Exercise.
Could you give back the records exactly, taking out the pictures?

[[ Provided entries open ]]

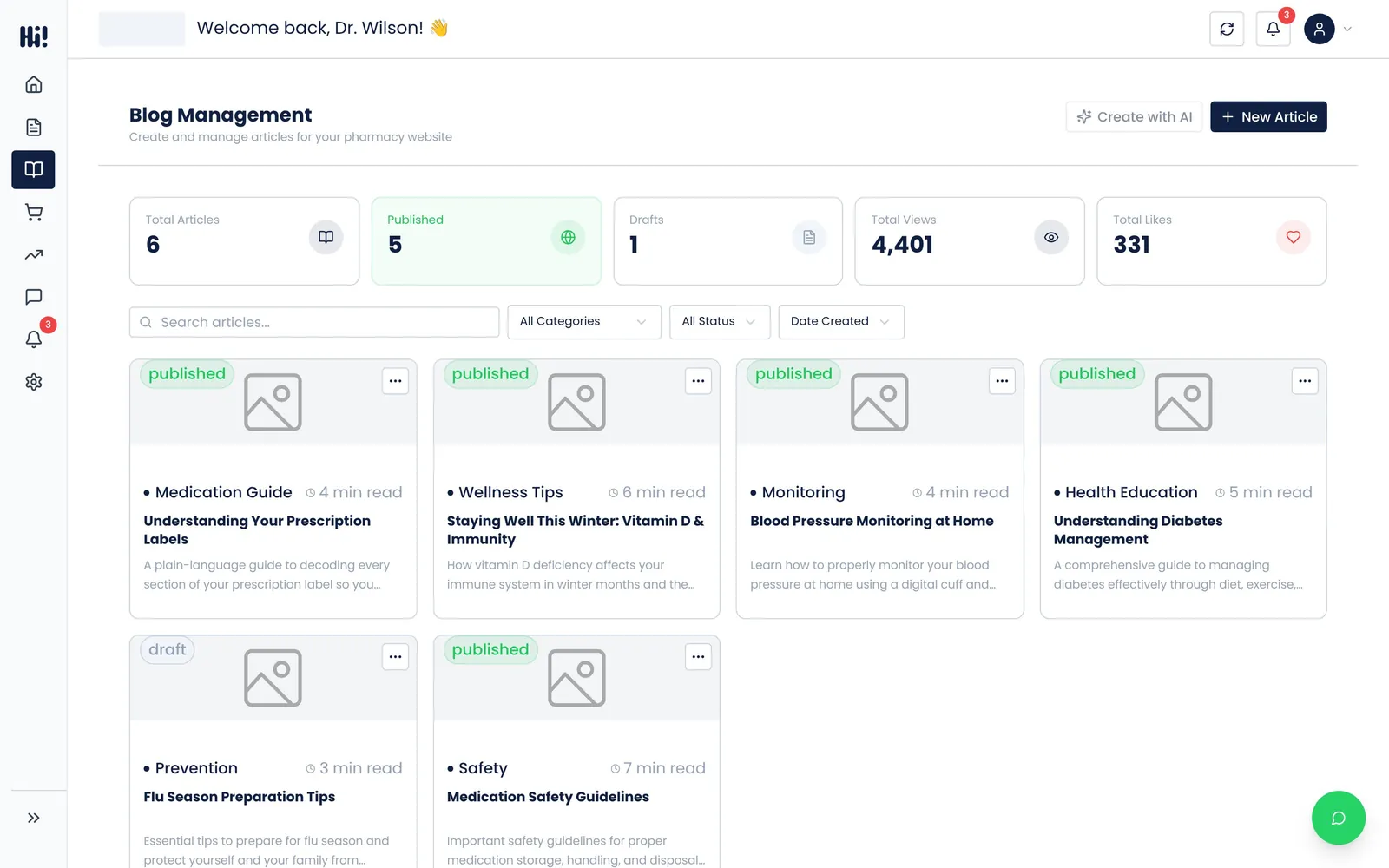 HiPharmacist dashboard, Blog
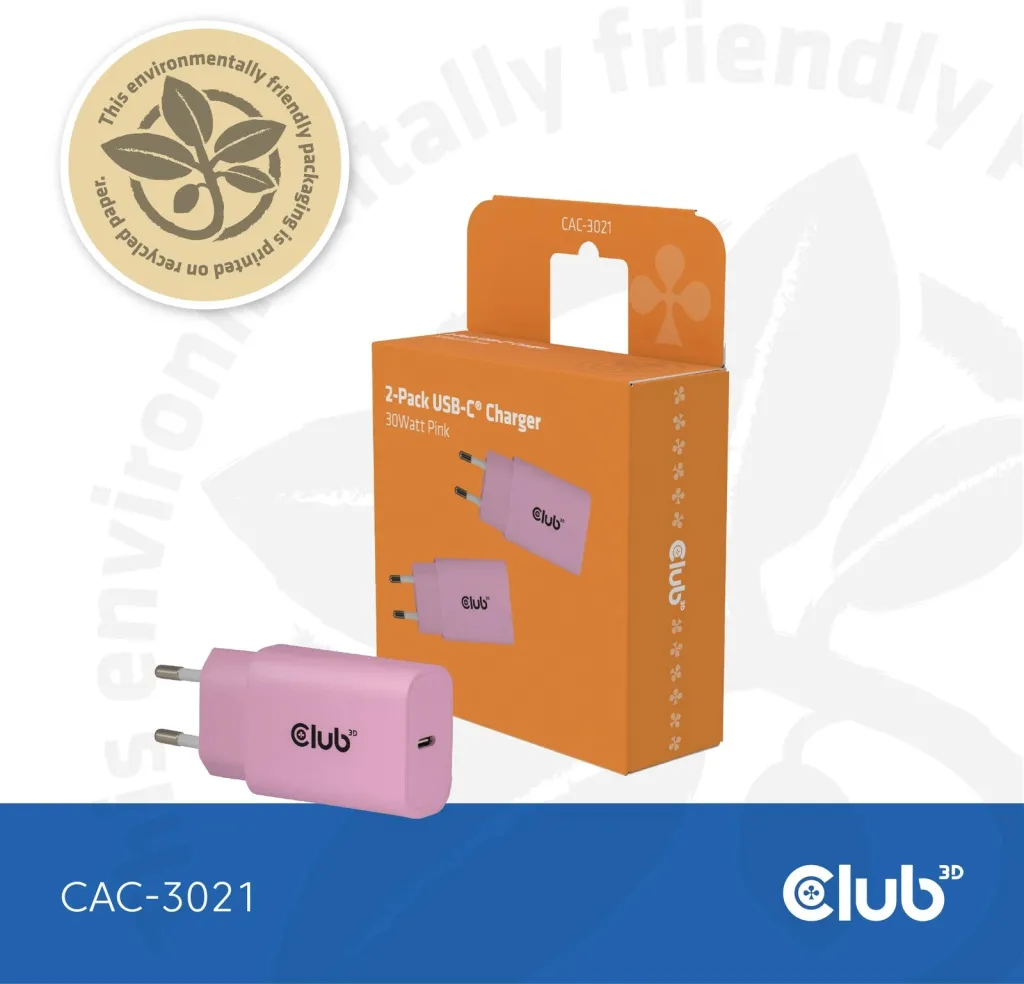 Karikues USB-C Club3D CAC-3021, 30W, 2 copë, rozë - 10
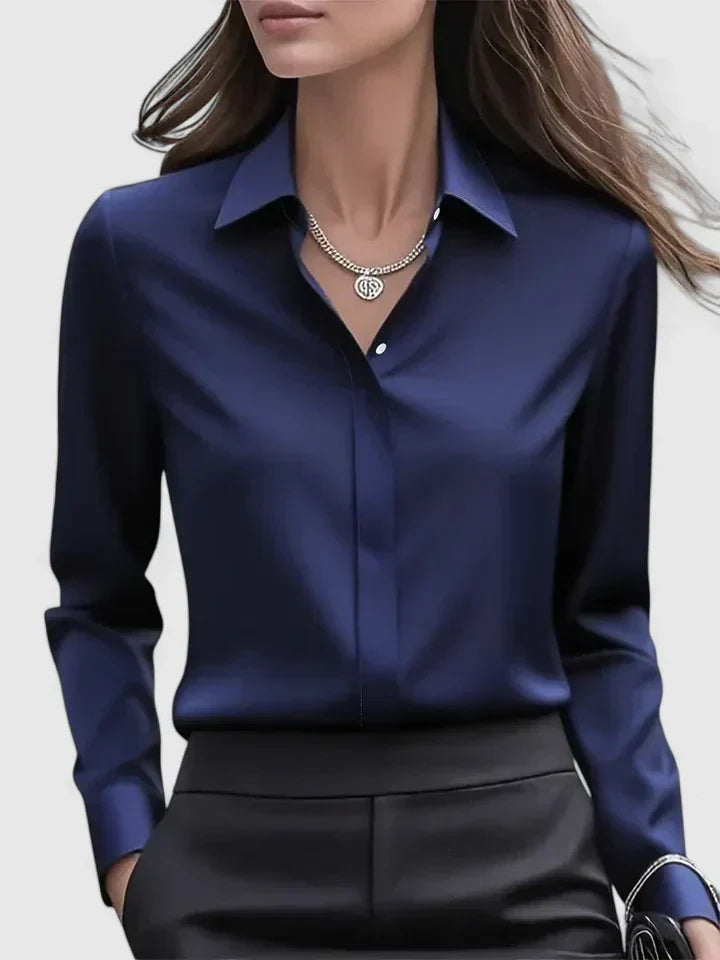 Fall Hidden Placket Curved Hem Long Sleeve Shirt for Women in Navy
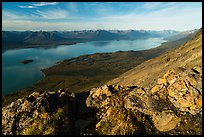 Lichen-covered rocks, Lake Clark from Tanalian Mountain. Lake Clark National Park ( color)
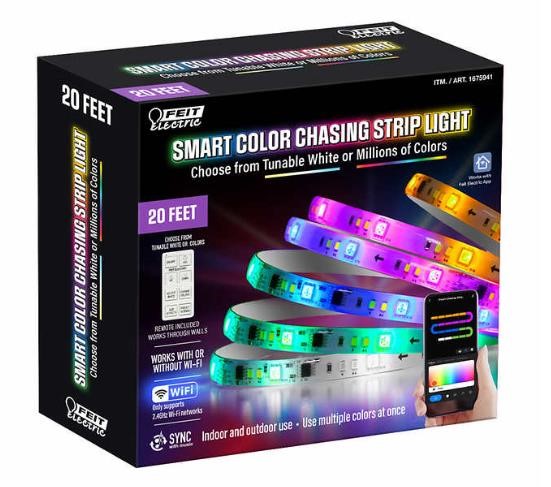 Feit Electric 20’ Color Chasing Strip Light 4-pack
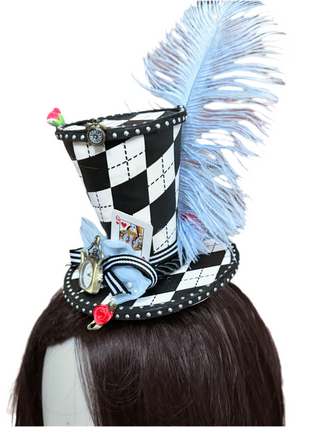 Handmade Mini Alice in Wonderland Top Hat-Accessories-Snobby Drops Fabric Backdrops for Photography, Exclusive Designs by Tara Mapes Photography, Enchanted Eye Creations by Tara Mapes, photography backgrounds, photography backdrops, fast shipping, US backdrops, cheap photography backdrops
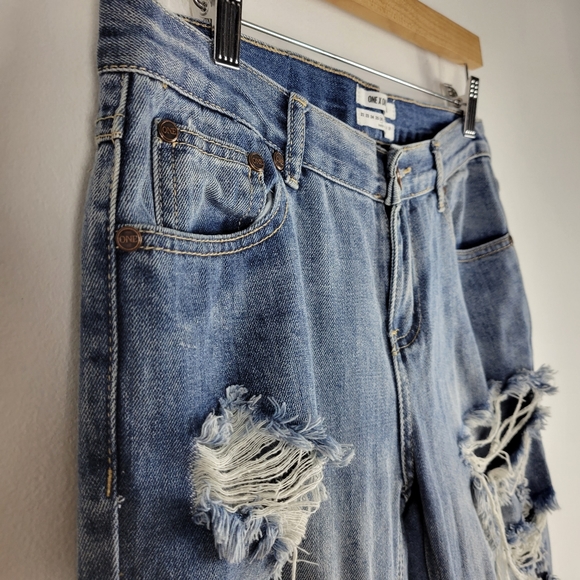 One Teaspoon Awesome Baggies Mid Rise Distressed Destroyed Straight Tapered Jean - Picture 3 of 10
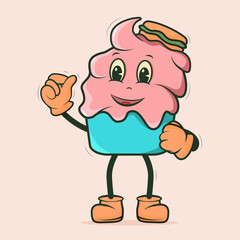 Retro smiled icecream mascot. Illustration for t-shirt print or poster design. Vector illustration.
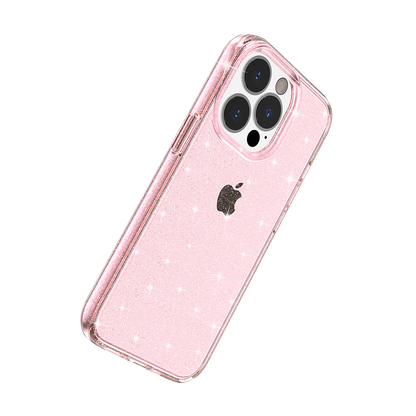 For Samsung Galaxy A17 5G Transparent Glitter Shiny Sparkle Bling TPU Rubber Hard Back Hybrid Frame Shockproof Case Cover Pink
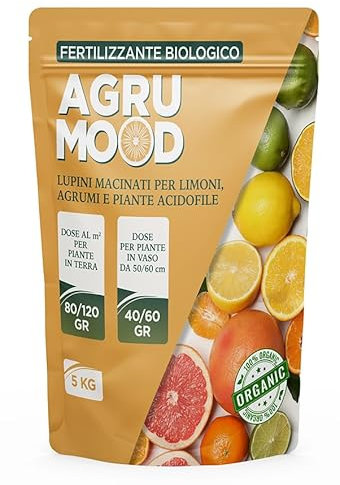 Gardenhome® AGRUMOOD LUPINI MACINATI PER AGRUMI per limoni in vaso e in terra e piante acidofile x 3 kg (3, Chilogrammi)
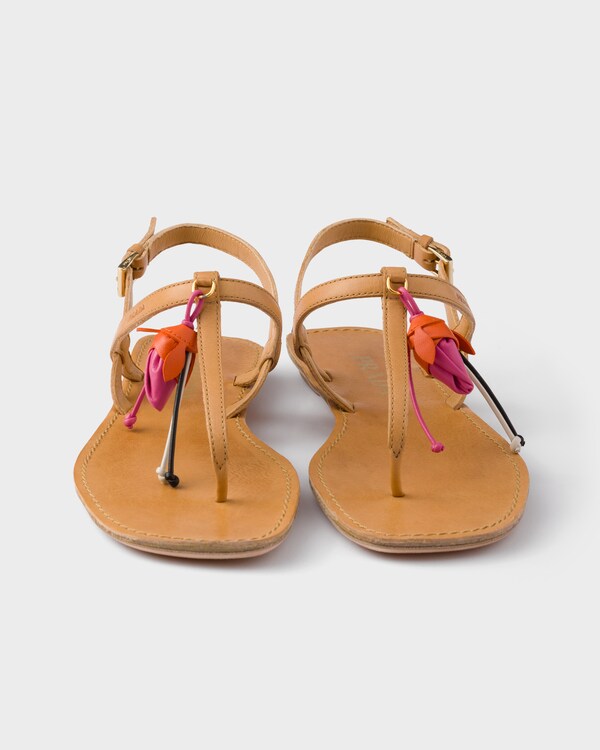 Antiqued leather thong sandals with floral ornament - Natural Antiqued leather thong sandals with floral ornament - Natural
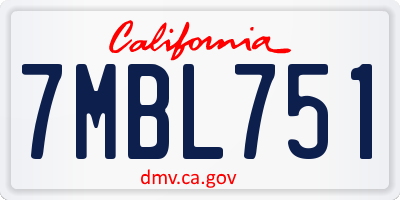 CA license plate 7MBL751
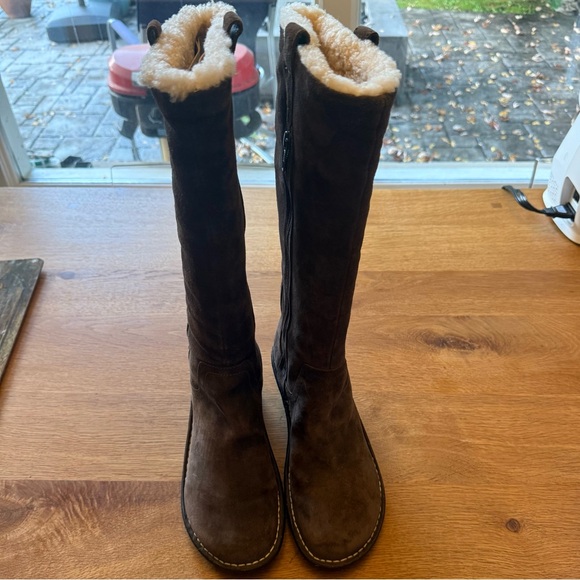 UGG Dark Brown Shearling-Lined Tall Boots - Picture 1 of 8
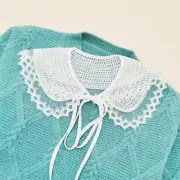 Women Crochet Knit Plaid Fake Collar Shawl Sweet for Scarf Sheer Mesh Capel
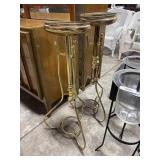 Vtg Mid Century Brass Toned Plant Stands.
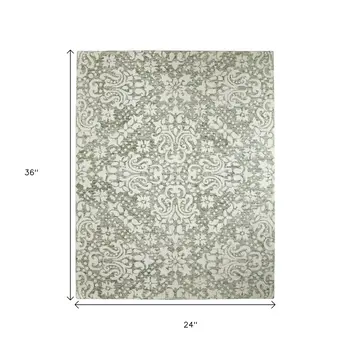 2' X 3' Ivory And Green Floral Hand Tufted Area Rug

[[ Provided entries closed ]]

Response to the task.
 HiPharmacist dashboard, Blog
 Karikues USB-C Club3D CAC-3021, 30W, 2 copë, rozë - 10
 Fall Hidden Placket Curved Hem Long Sleeve Shirt for Women in Navy
 Lichen-covered rocks, Lake Clark from Tanalian Mountain. Lake Clark National Park ( color)
 Feit Electric 20’ Color Chasing Strip Light 4-pack
 Handmade Mini Alice in Wonderland Top Hat-Accessories-Snobby Drops Fabric Backdrops for Photography, Exclusive Designs by Tara Mapes Photography, Enchanted Eye Creations by Tara Mapes, photography backgrounds, photography backdrops, fast shipping, US backdrops, cheap photography backdrops
 One Teaspoon Awesome Baggies Mid Rise Distressed Destroyed Straight Tapered Jean - Picture 3 of 10
 Retro smiled icecream mascot. Illustration for t-shirt print or poster design. Vector illustration.
 For Samsung Galaxy A17 5G Transparent Glitter Shiny Sparkle Bling TPU Rubber Hard Back Hybrid Frame Shockproof Case Cover Pink
 Gardenhome® AGRUMOOD LUPINI MACINATI PER AGRUMI per limoni in vaso e in terra e piante acidofile x 3 kg (3, Chilogrammi)
 Antiqued leather thong sandals with floral ornament - Natural Antiqued leather thong sandals with floral ornament - Natural
 CA license plate 7MBL751
 UGG Dark Brown Shearling-Lined Tall Boots - Picture 1 of 8
 Women Crochet Knit Plaid Fake Collar Shawl Sweet for Scarf Sheer Mesh Capel
 Vtg Mid Century Brass Toned Plant Stands.
 2' X 3' Ivory And Green Floral Hand Tufted Area Rug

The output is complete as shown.